The words "no credit rejected" or words of similar import should not be used unless true, since they imply that consumer
credit will be extended to anyone regardless of the person's credit worthiness or financial ability to pay.

Whenever a price is mentioned in advertising, any extra charges should also be disclosed in immediate conjunction with the
price (e.g., delivery, installation, assembly, excise tax, postage and handling).

A "bait" offer is an alluring but insincere offer to sell a product or service which the advertiser does not intend to sell. Its
purpose is to switch consumers from buying the advertised merchandise or service, in order to sell something else, usually at a
higher price or on a basis more advantageous to the advertiser.
a. No advertisement should be published unless it is a bona fide offer to sell the advertised merchandise or service.
b. The advertising should not create a false impression about the product or service being offered in order to lay the
foundation for a later "switch" to other, more expensive products or services, or products of a lesser quality at the same price.
c. Subsequent full disclosure by the advertiser of all other facts about the advertised article does not preclude the existence of
a bait scheme.
d. An advertiser should not use nor permit the use of the following bait scheme practices: refusing to show or demonstrate the
advertised merchandise or service;
- disparaging the advertised merchandise or service, its warranty, availability, services and parts, credit terms, etc.;
- selling the advertised merchandise or service and thereafter "unselling" the customer to make a switch to other
merchandise or service; refusing to take orders for the advertised merchandise or service or to deliver it within a
reasonable time; demonstrating or showing a defective sample of the advertised merchandise; or, having a sales
compensation plan designed to penalize salespersons who sell the advertised merchandise or service.
e. An advertiser should have on hand a sufficient quantity of advertised merchandise to meet reasonably anticipated demands,
unless the advertisement discloses the number of items available or states "while supplies last." If items are available only at
certain branches, their specific locations should be disclosed. The use of "rainchecks" is no justification for inadequate
estimates of reasonably anticipated demand.
f. Actual sales of the advertised merchandise or service may not preclude the existence of a bait scheme since this may be
merely an attempt to create an aura of legitimacy. A key factor in determining the existence of "bait" is the number of times the
merchandise or service was advertised compared to the number of actual sales of the merchandise or service.

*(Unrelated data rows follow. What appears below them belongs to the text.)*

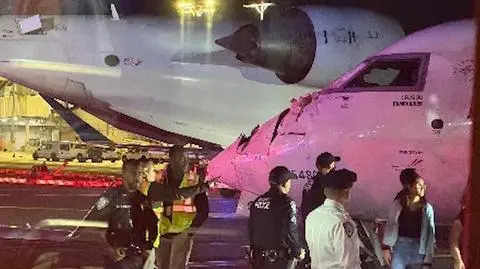 USA. Zderzenie samolotów na lotnisku LaGuardia w Nowym Jorku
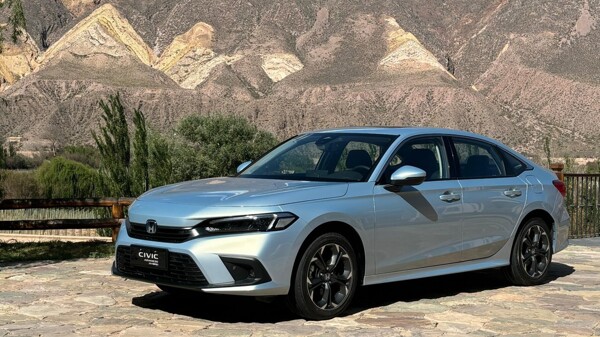 Запуск нового Honda Civic Гибрид в Аргентине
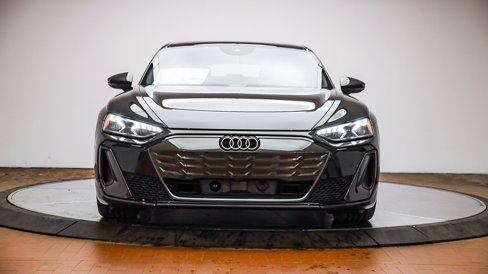 New 2025 Audi S e-tron GT Prestige image 9
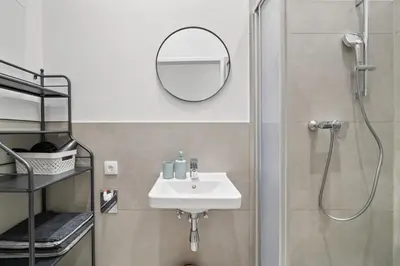 Ein Badezimmer in der Unterkunft Inner City Studio - Near Schönbrunn & Metro - Self Check-In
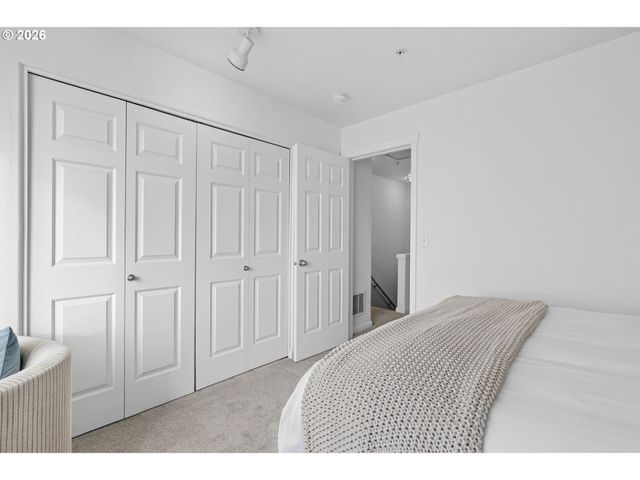 15320 Sw WARBLER Way 104, Beaverton, OR 97007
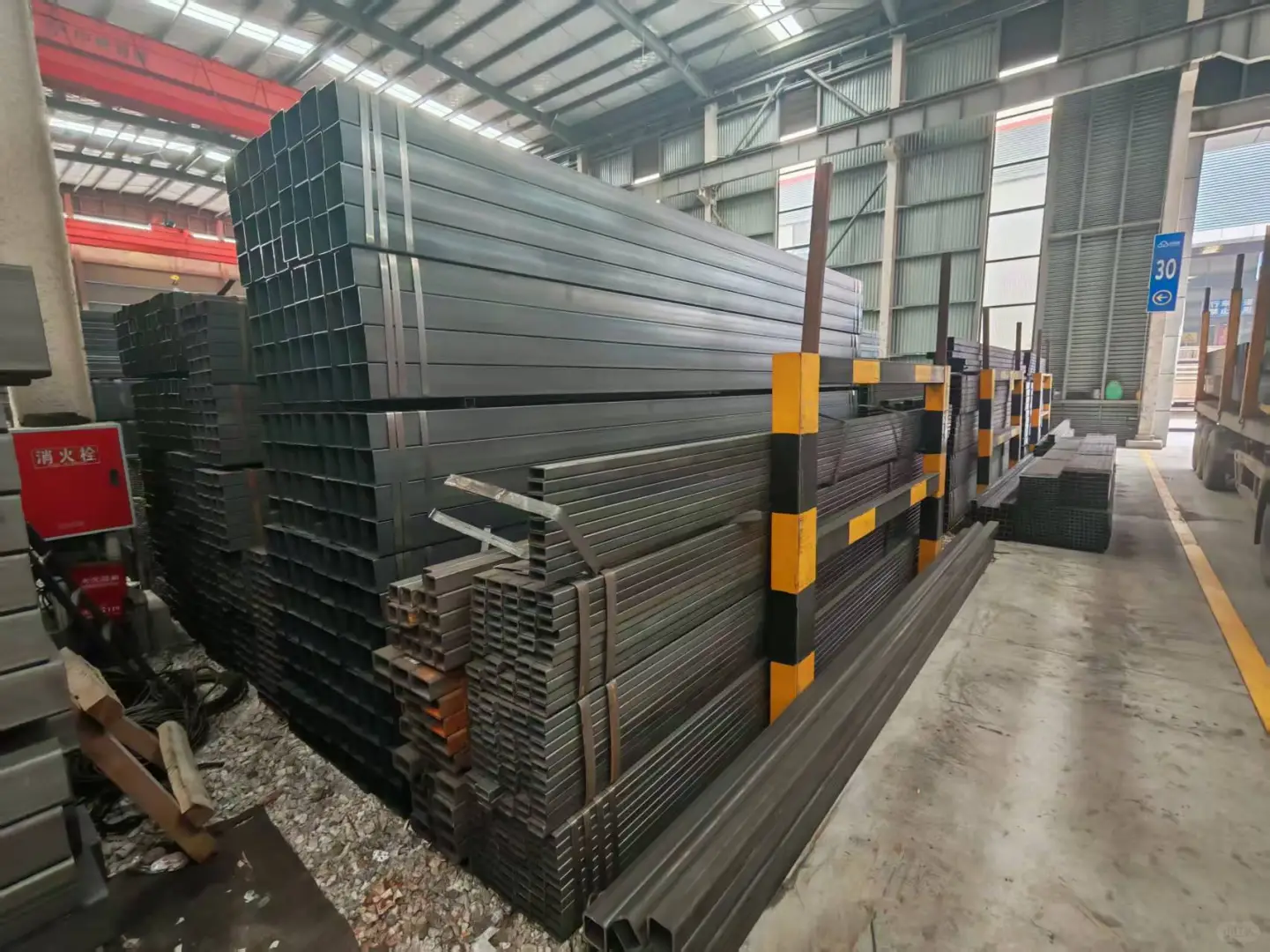 重生之我在成都做钢材批发商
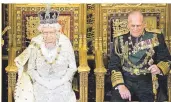  ?? FOTO: GEOFF PUGH/
DPA ?? Queen Elizabeth II. und Prinz Philip während einer Rede der Königin im Jahr
2013.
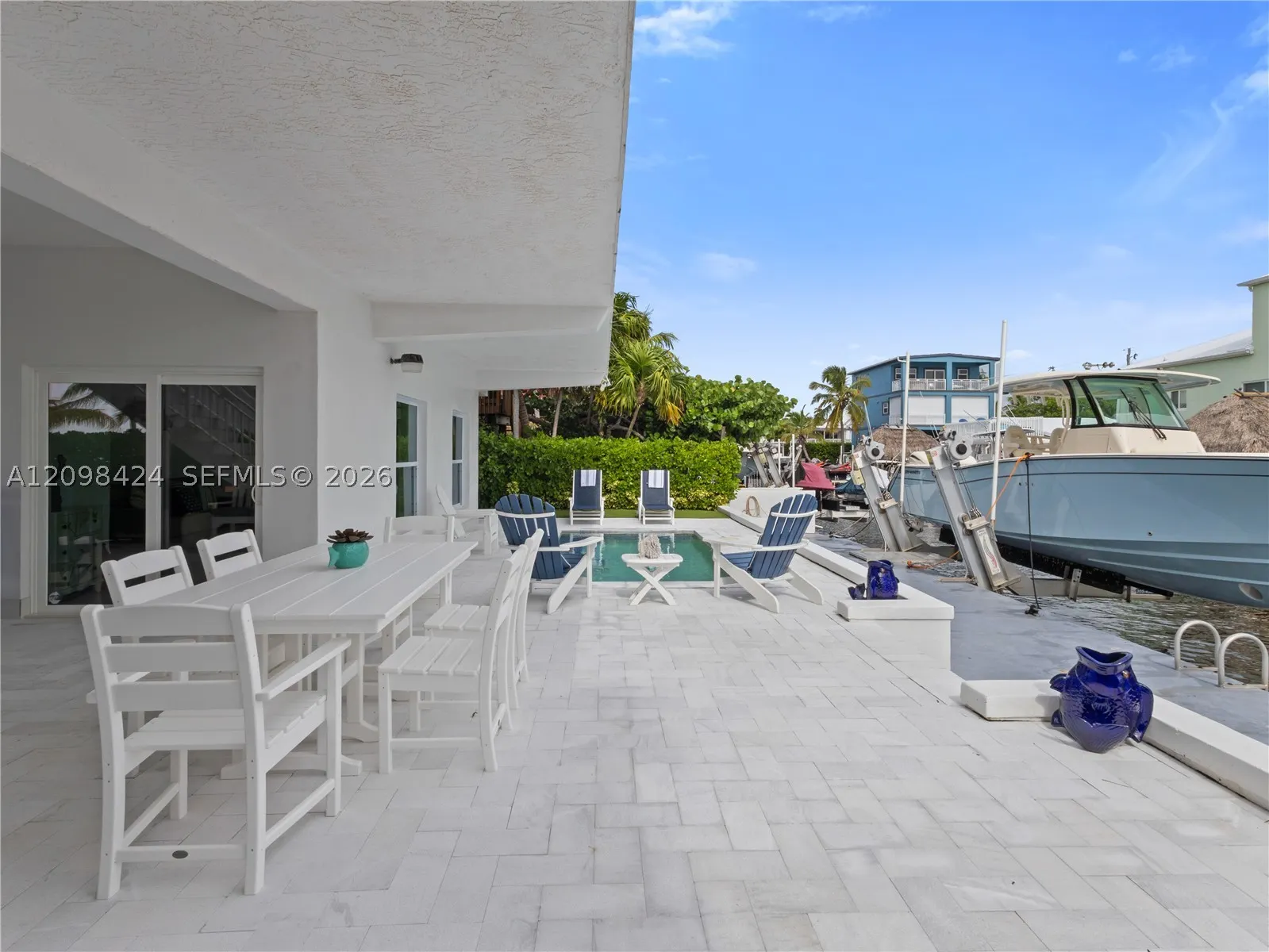 607 Cuda Ln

a. When the term "warranty" (or "guarantee") is used in product advertising, the following disclosure should be made clearly
and prominently: a statement that the complete details of the warranty can be seen at the advertiser's store prior to sale, or in
the case of mail or telephone order sales, are available free on written request.
b. (1) "satisfaction guarantee," "money back guarantee," "free trial offer," or similar representations should be used in
advertising only if the seller or manufacturer refunds the full purchase price of the advertised product at the purchaser's
request.
(2) When "satisfaction guarantee" or similar representations are used in advertising, any material limitations or conditions that
apply to the guarantee should be clearly and prominently disclosed.
c. When the term "lifetime," "life" or similar representations are used in advertising to describe the duration of the warranty or
guarantee, the advertisement should clearly and prominently disclose the life to which the representation refers.
d. Sellers or manufacturers should advertise that a product is warranted or guaranteed only if the seller or manufacturer
promptly and fully performs its obligations under the warranty or guarantee.
e. Advertisers should make certain that any advertising of warranties complies with the Consumer Products Warranty Act,
effective July 4, 1975, relevant Federal Trade Commission requirements and any applicable state and local laws.

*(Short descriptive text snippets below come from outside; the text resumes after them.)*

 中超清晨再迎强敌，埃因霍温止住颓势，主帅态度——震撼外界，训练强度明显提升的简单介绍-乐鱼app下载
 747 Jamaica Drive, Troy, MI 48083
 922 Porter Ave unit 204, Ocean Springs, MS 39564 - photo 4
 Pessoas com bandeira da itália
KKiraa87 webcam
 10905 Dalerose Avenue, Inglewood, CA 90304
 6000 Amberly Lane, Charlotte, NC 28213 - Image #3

9. Layout and Illustrations
The composition and layout of advertisements should be such as to minimize the possibility of misunderstanding by the reader.
For example, prices, illustrations, or descriptions should not be so placed in an advertisement as to give the impression that the
price or terms of featured merchandise apply to other merchandise in the advertisement when such is not the fact. An
advertisement should not be used which features merchandise at a price or terms boldly displayed, together with illustrations
of higher-priced merchandise, so arranged as to give the impression that the lower price or more favorable terms apply to the
other merchandise, when such is not the fact.

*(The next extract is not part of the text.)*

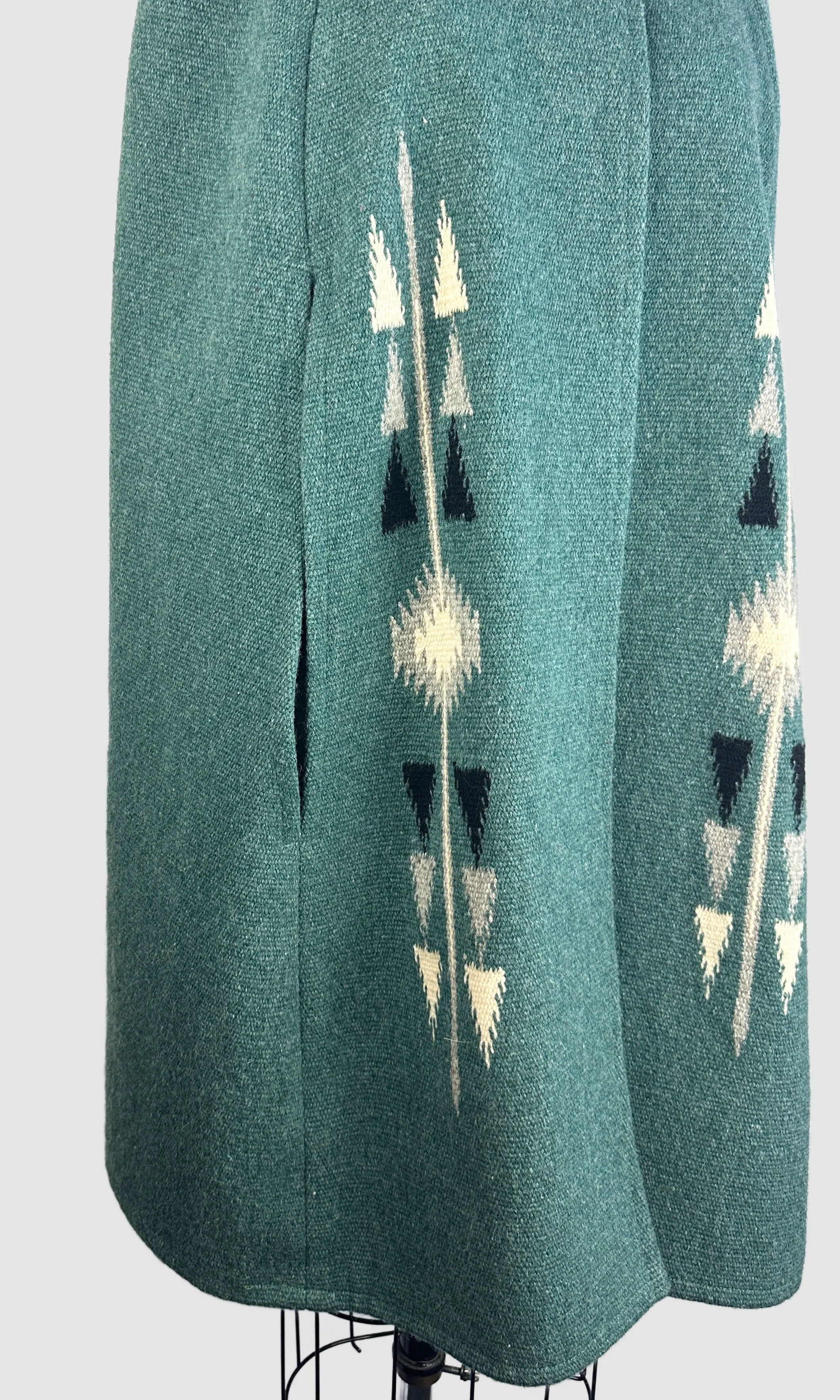 CHIMAYO Vintage Southwestern Tapestry Blanket Poncho • Small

An asterisk may be used to impart additional information about a word or term which is not in itself inherently deceptive. The
asterisk or other reference symbol should not be used as a means of contradicting or substantially changing the meaning of any
advertising statement. Information referenced by asterisks should be clearly and prominently disclosed.

Commonly known abbreviations may be used in advertising. However, abbreviations not generally known to or understood
by the general public should be avoided.
For example, "deliv. extra" is understood to mean that there is an extra charge for delivery of the merchandise. "New Battery,
$25 W.T.," is not generally understood to mean "with trade-in."


a. Used, secondhand, etc.
A product previously used by a consumer should be clearly and conspicuously described as such, e.g., "used," "secondhand,"
"pre- owned," "repossessed," "rebuilt," "reconditioned."

b. Rebuilt, reconditioned
(1) The term "rebuilt" should be used only to describe products that have been completely disassembled, reconstructed,
repaired and refinished, including replacement of parts.
(2) The term "reconditioned" should be used only to describe products that have received such repairs, adjustments or
finishing as were necessary to put the product in satisfactory condition without rebuilding.

When merchandise is offered on an "as is" basis, i.e., in the condition in which it is displayed at the place of sale, the words "as
is" should be indicated in any advertising and on the bill of sale. An advertiser also may describe the condition of the
merchandise if so desired.

d. Second, irregular, imperfect
If merchandise is defective or rejected by the manufacturer because it falls below specifications, it should be advertised by
terms such as "second," "irregular," or "imperfect."

Merchandise should not be described as "discontinued," "discontinued model," or by words of similar import unless the
manufacturer has, in fact, discontinued its manufacture, or the retail advertiser will discontinue offering it entirely after clearance
of existing inventories. If discontinuance is only by the retailer, the advertising should indicate that fact, e.g., "we are
discontinuing stocking these items."

a. Truthful comparisons using factual information may help consumers make informed buying decisions, provided:
(1) all representations are consistent with the general rules and prohibitions against false and deceptive advertising;
(2) all comparisons that claim or imply, unqualifiedly, superiority to competitive products or services are not based on a
selected or limited list of characteristics in which the advertiser excels while ignoring those in which the competitors excel;
(3) the advertisement clearly discloses any material or significant limitations of the comparison; and
(4) the advertiser can substantiate all claims made. b. Advertising which deceptively or falsely disparages a competitor or
competing products or services should not be used.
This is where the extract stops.